• Courtesy of Josh Fogt
  • The derailed train, this morning in Interbay.

Gus Melonas, spokesperson for the Burlington Northern Santa Fe Railway, called earlier this afternoon to offer more details on this morning's oil train derailment under the Magnolia Bridge.

The train was carrying "100 loaded tank cars of Bakken oil destined for Anacortes," Melonas said. It was getting ready to head onward toward the northern part of the Washington when the second of two locomotives pulling the train derailed. Behind that locomotive was a "buffer car" loaded with sand. That derailed, too. So did the train's first three oil cars, the first of which ended up listing at a 45-degree angle. (The other two tilted less precipitously.)

No oil spilled, but one of the oil cars suffered damage and will have to be hauled away after its contents are transferred to another car. The other two oil cars will head onward with their Bakken cargo after inspections.

BNSF officials are investigating the derailment, which occurred when the train was traveling at less than 5 miles an hour, but they don't yet know the cause.

Melonas said the cars on this train are all 1232s—a newer, safer variety of oil car. "The latest industry standard," Melonas said, "with the upgraded safety precautions, with thicker heat shields at both ends of the cars, rollover protections for the valves, and thicker steel. The cars performed as designed."

This is "without a doubt" the first derailment since Bakken oil started being shipped through Washington State more regularly over the past two years, Melonas said. "We're confident that we have a safe operation."

Others are not so certain, including Mayor Ed Murray, who said in a statement this afternoon:

This is an important public safety issue facing Seattle and I will continue to advocate for less oil and coal coming through our city.

State Representative Reuven Carlyle, of Seattle, used the incident to draw attention to a new study on the costs and benefits of coal trains running through the city:

The sheer irony of today’s oil train derailment under the Magnolia Bridge—in the heart of Seattle— at the very moment a major study is being released blocks away outlining the severe economic, transportation and infrastructure costs to the life of our state is stunning.

I doubt Jon Stewart and Stephen Colbert could dream up a more jolting juxtaposition than today’s events.

The Puget Sound Regional Council released an independent, rigorous, detailed study today analyzing the impacts of the proposed coal exports. If these sweeping proposals are enacted over the objections of millions of our citizens, Washington State is poised to become the number one exporter of coal and oil in the nation. This valuable data directly shows that the economic benefits of the proposals are pennies on the dollar compared to the shockingly expensive costs. The modest, short term benefits are highly concentrated in rural areas of Whatcom County while the costs are trapped in virtually every community from Spokane to the Columbia River to Clark County up through the I-5 Corridor of Thurston, Pierce, King and Snohomish counties.

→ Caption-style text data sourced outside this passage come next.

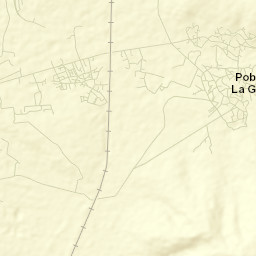 La Gotera Street Map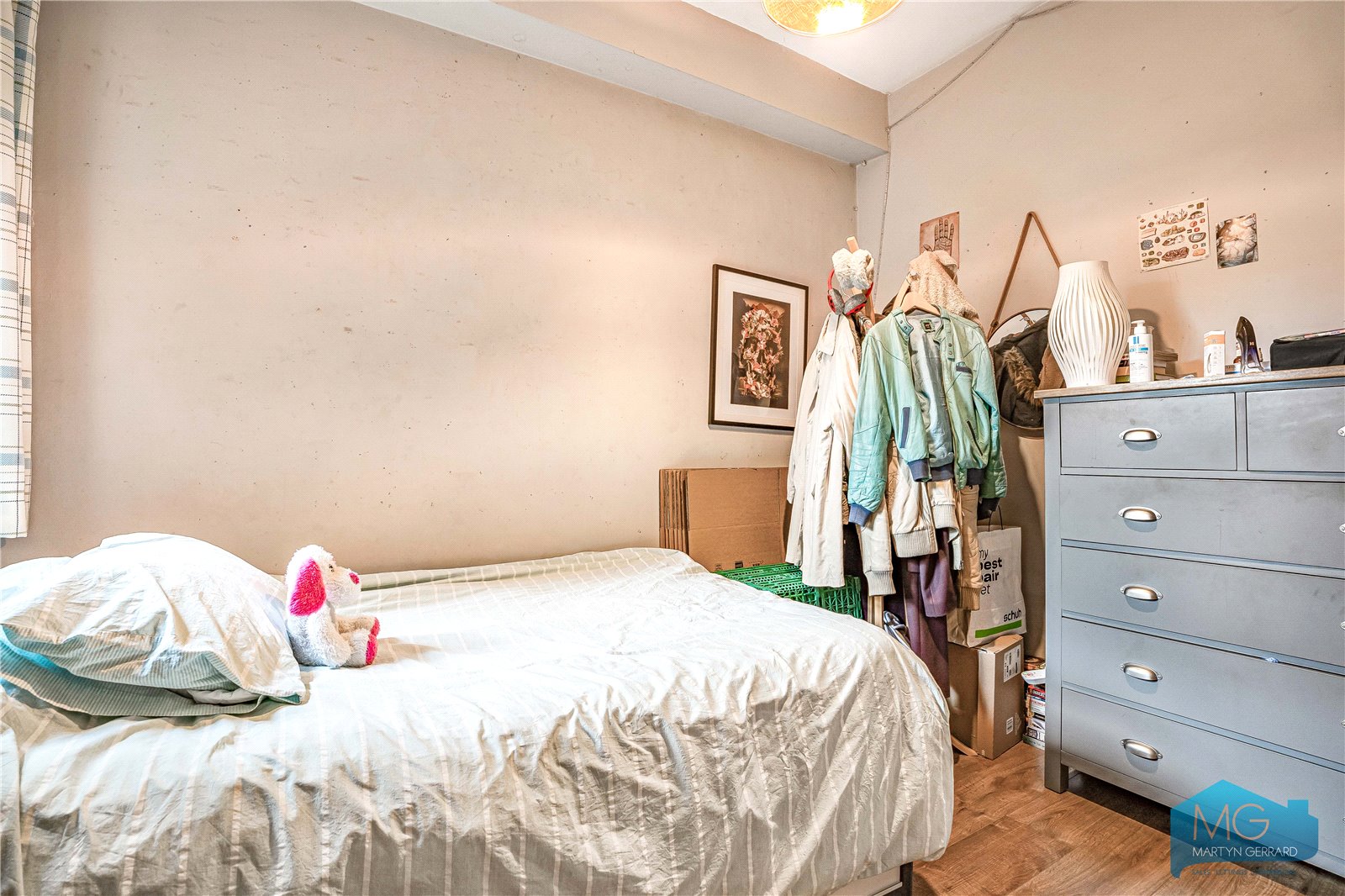 2 bedroom Ground Floor Flat for sale - Martyn Gerrard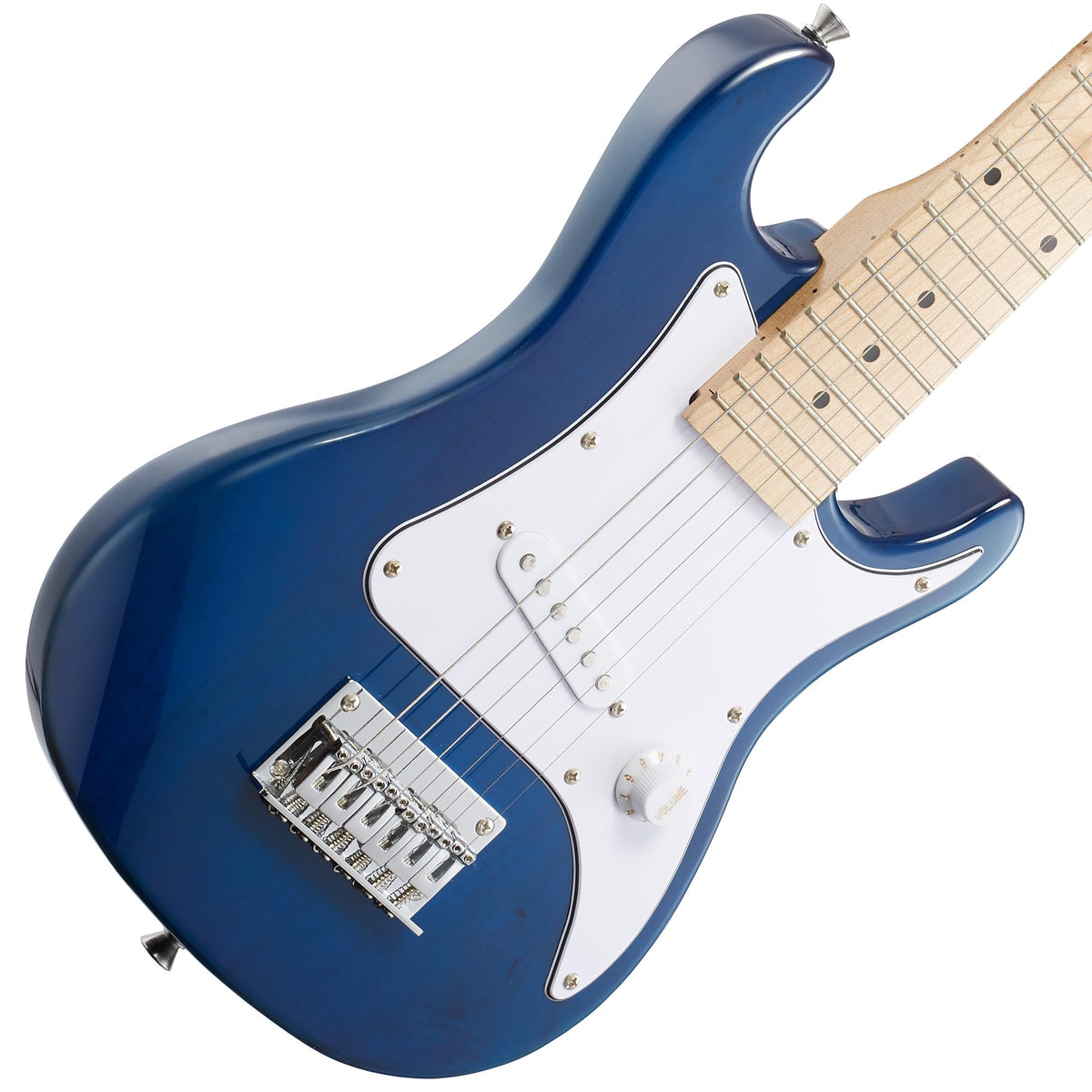 30-inch Kids Electric Guitar Beginner Kit with Amplifier, Blue S8935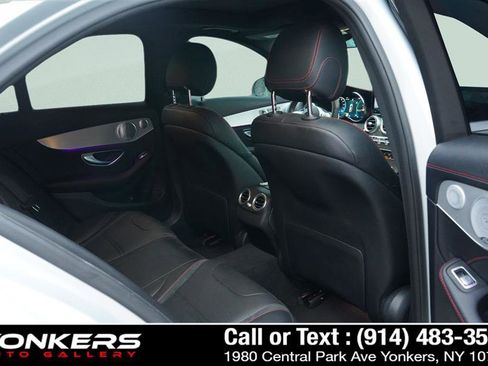 Used 2020 Mercedes-Benz C 43 AMG 4MATIC Sedan image 56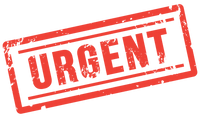 Urgent Stamp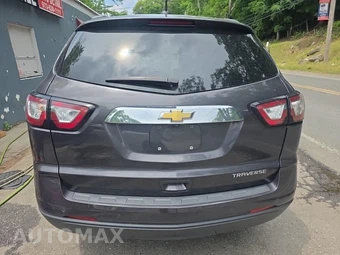 2017 Chevrolet Traverse LT 1LT – miniatura 5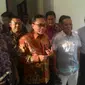 "Program-program dari Zulkilfi Hasan, pertama adanya desentralisasi," ungkap Soetrisno di kediamannya di Jalan Simprug Golf.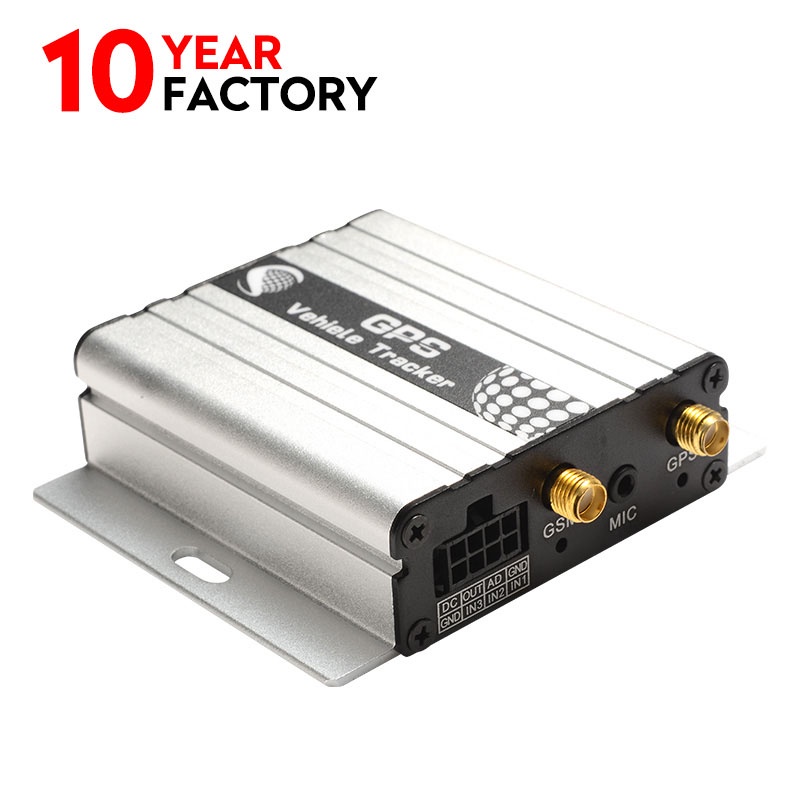 solar GPS tracker VT600 listenin vehicle tracker anti jammer GSM with car reader Shopee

And King County Executive Dow Constantine added this warning:

Thankfully no fire resulted from the derailment of oil train tank cars under the Magnolia Bridge. But this incident only shows how little we know about what moves through our communities by rail, and how thin is the margin of safety for the people of King County from hazards of shipping millions of gallons of highly flammable crude oil that can be easily ignited by heat or an electric spark.

Local and tribal governments have front-line roles in emergency response and transportation. That is why I convened an Alliance last week of elected leaders from across the Northwest and British Columbia to shine a light on the true costs and impact of coal and oil trains on our communities, and bring our voices together for a safer energy future.

We've already seen an unprecedented groundswell of opposition to coal export, and the traffic, health, and environmental impacts of up to 18, mile-and-a-half long coal trains coming through the heart of our communities. As we've seen today, we also face growing threats from oil trains—an Exxon Valdez on rails—which carry the potential for devastating explosions and spills. We've seen oil train disasters across the U.S. and Canada that have wiped out entire communities. Outdated tank cars must be taken out of service.